▶ [EXERCISE] The records should be repeated word for word, pictures excluded.

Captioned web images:
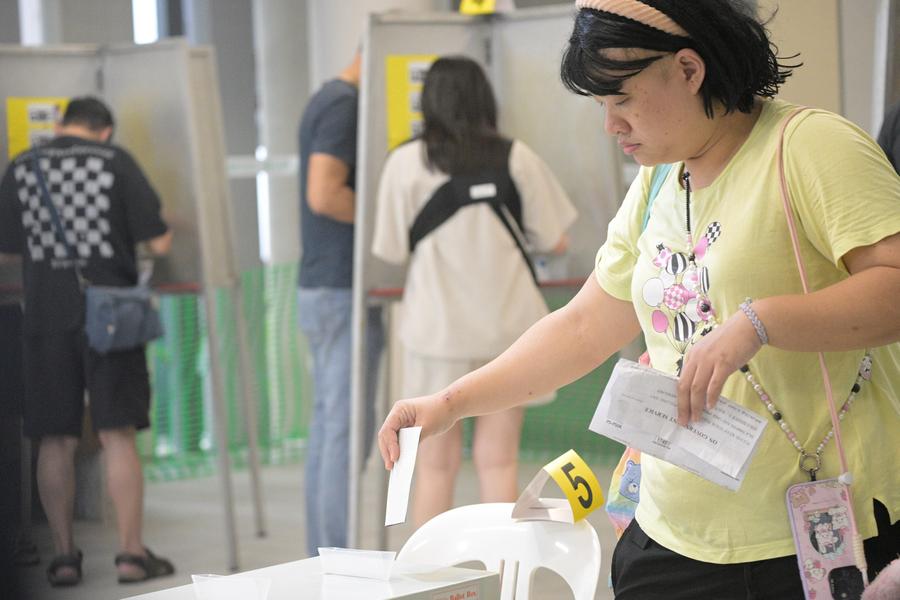 Le Parti d’action populaire au pouvoir à Singapour obtient une majorité simple aux élections générales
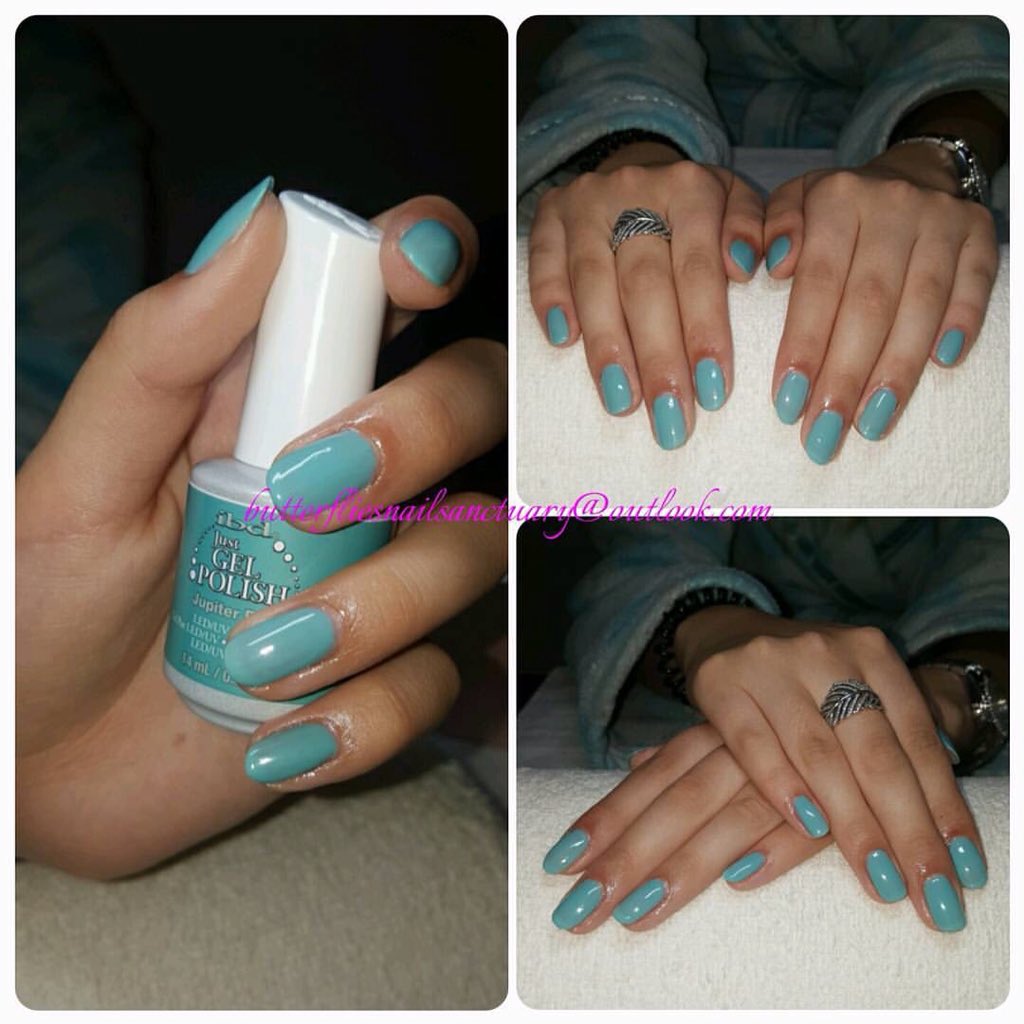georgina_ralph's tweet photo. Now adding IBD to my range of OPI and Gelish! #IBD #gelpolish #jupiterblue #blue #manicure #colourpops #salon https://t.co/KjUK29GEHl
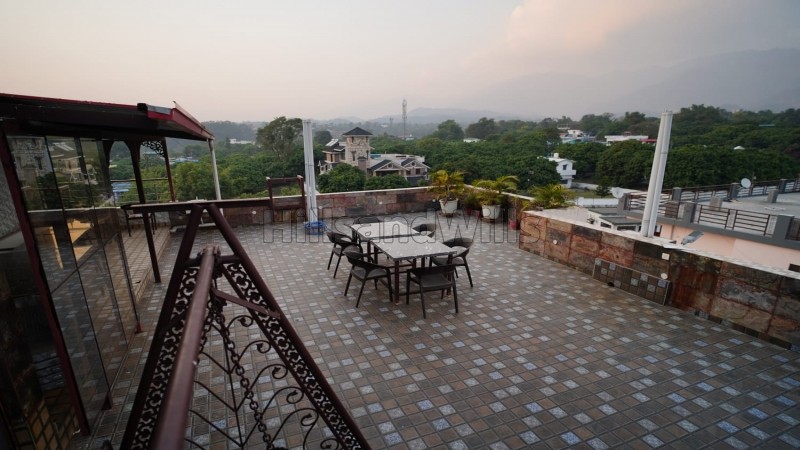 ₹10.20 Cr | 5000 sq. ft homestay for sale in mussorie road dehradun along with 506 sq.meter land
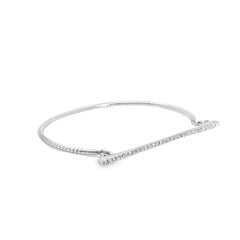 Brazalete delgado con barra de diamantes y gancho en oro blanco de 18 quilates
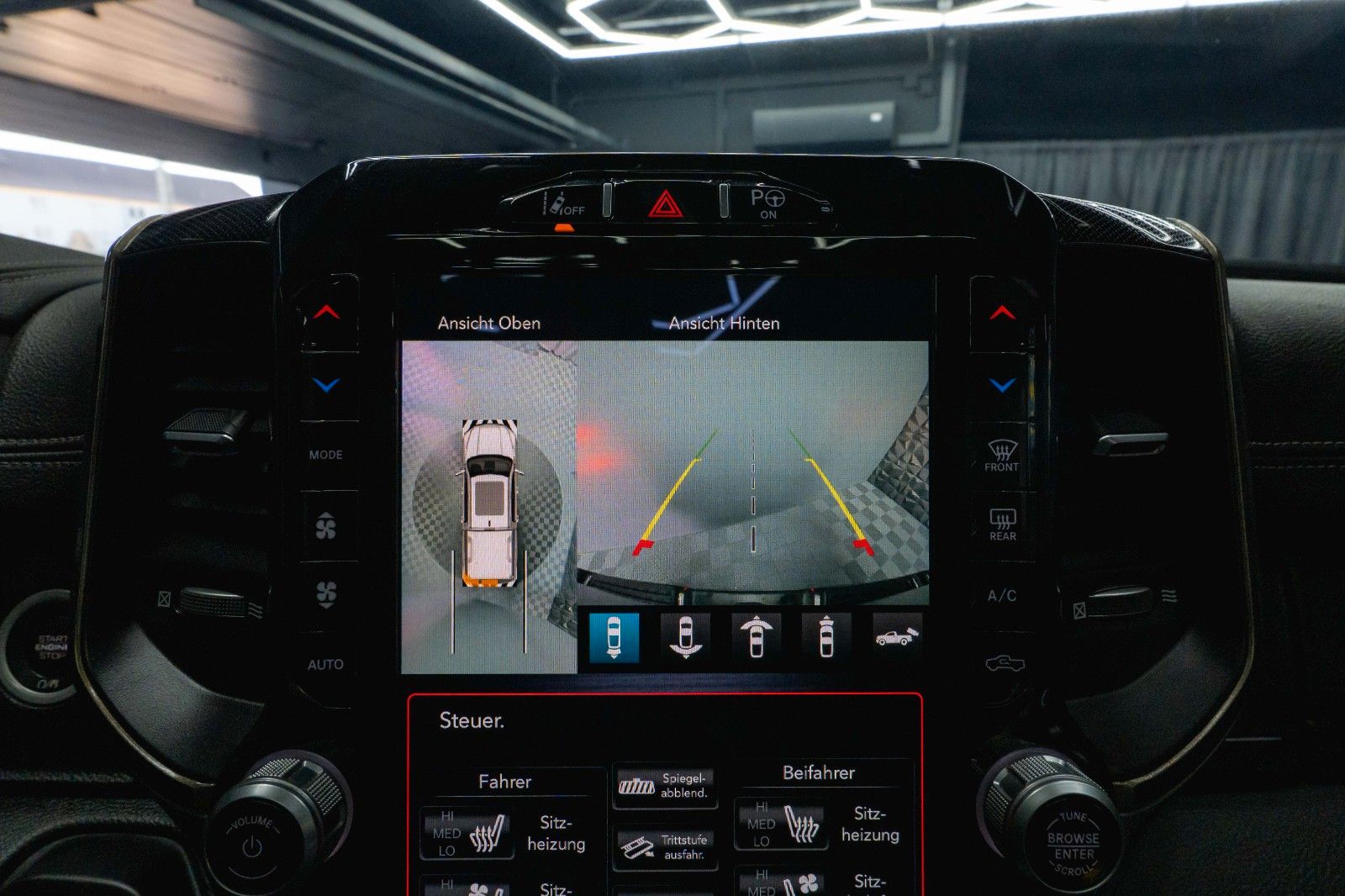 Fahrzeugabbildung Dodge RAM 5.7 V8 HEMI 4x4 NIGHT LARAMIE *Pano*RAMBOX*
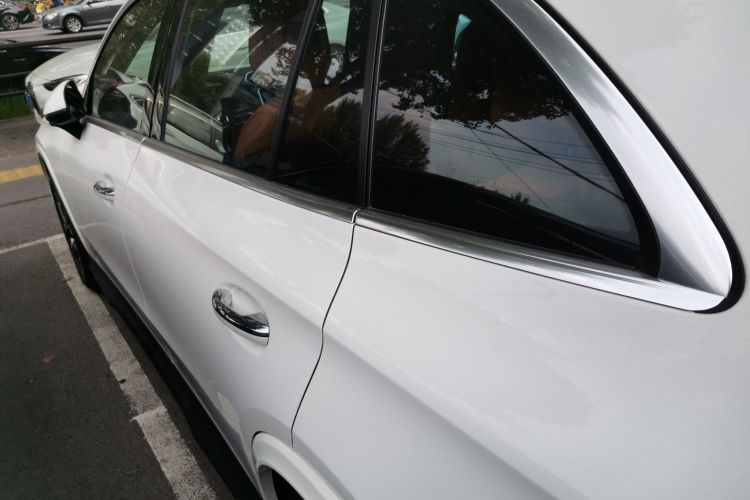 奔驰GLC 2024款 GLC 260 L 4MATIC 豪华型 5座车身外观6003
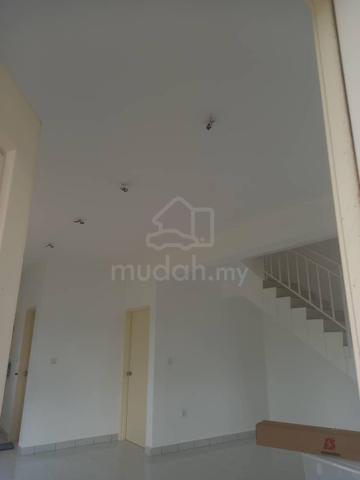 2 Storey Corner House, Jalan Iris, Taman Bunga Raya, Bukit Beruntung 1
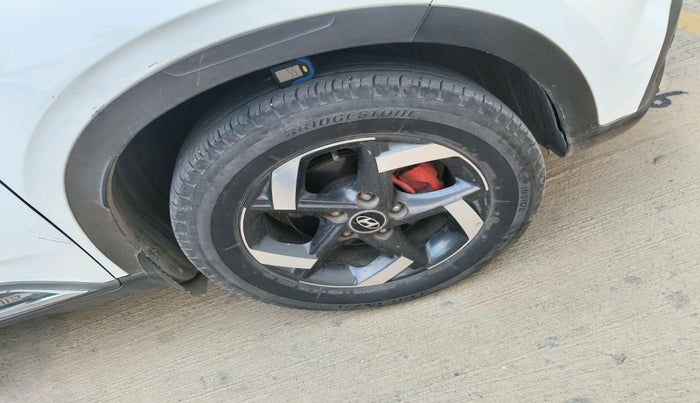 2019 Hyundai VENUE SX 1.0 TURBO, Petrol, Manual, 80,779 km, tyre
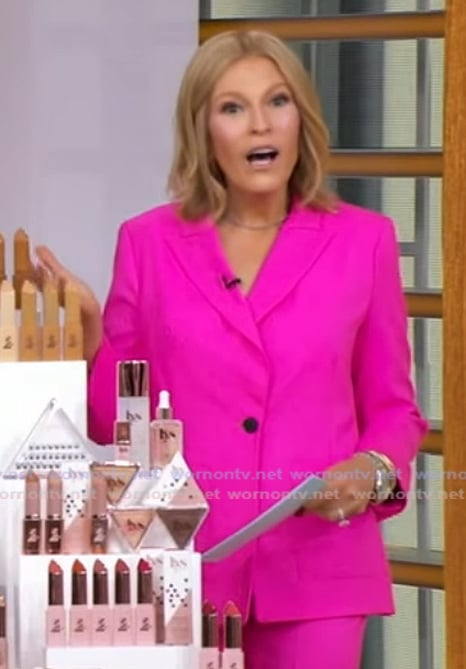 Tory’s pink blazer and pants on Good Morning America Tory’s pink blazer and pants on Good Morning America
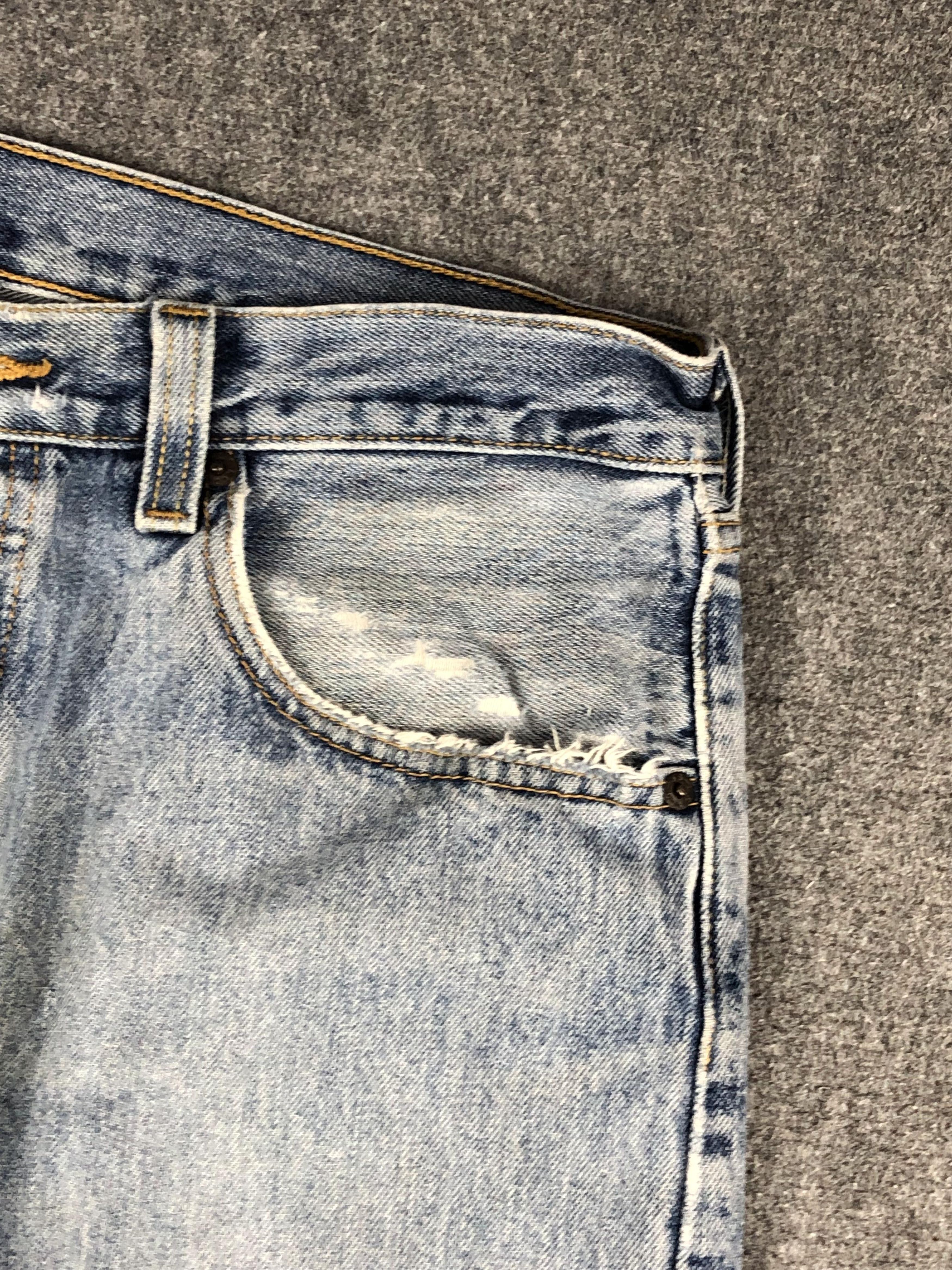 Levi's × Vintage Vintage Cropped Levis 501 Faded Blue Jeans DP2235 Size US 33 - 10 Thumbnail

▶ [YOUR RESPONSE]
 Le Parti d’action populaire au pouvoir à Singapour obtient une majorité simple aux élections générales
georgina_ralph's tweet photo. Now adding IBD to my range of OPI and Gelish! #IBD #gelpolish #jupiterblue #blue #manicure #colourpops #salon https://t.co/KjUK29GEHl
 ₹10.20 Cr | 5000 sq. ft homestay for sale in mussorie road dehradun along with 506 sq.meter land
 Brazalete delgado con barra de diamantes y gancho en oro blanco de 18 quilates
 Fahrzeugabbildung Dodge RAM 5.7 V8 HEMI 4x4 NIGHT LARAMIE *Pano*RAMBOX*
 奔驰GLC 2024款 GLC 260 L 4MATIC 豪华型 5座车身外观6003
 2 Storey Corner House, Jalan Iris, Taman Bunga Raya, Bukit Beruntung 1
 2019 Hyundai VENUE SX 1.0 TURBO, Petrol, Manual, 80,779 km, tyre
 Tory’s pink blazer and pants on Good Morning America Tory’s pink blazer and pants on Good Morning America
 Levi's × Vintage Vintage Cropped Levis 501 Faded Blue Jeans DP2235 Size US 33 - 10 Thumbnail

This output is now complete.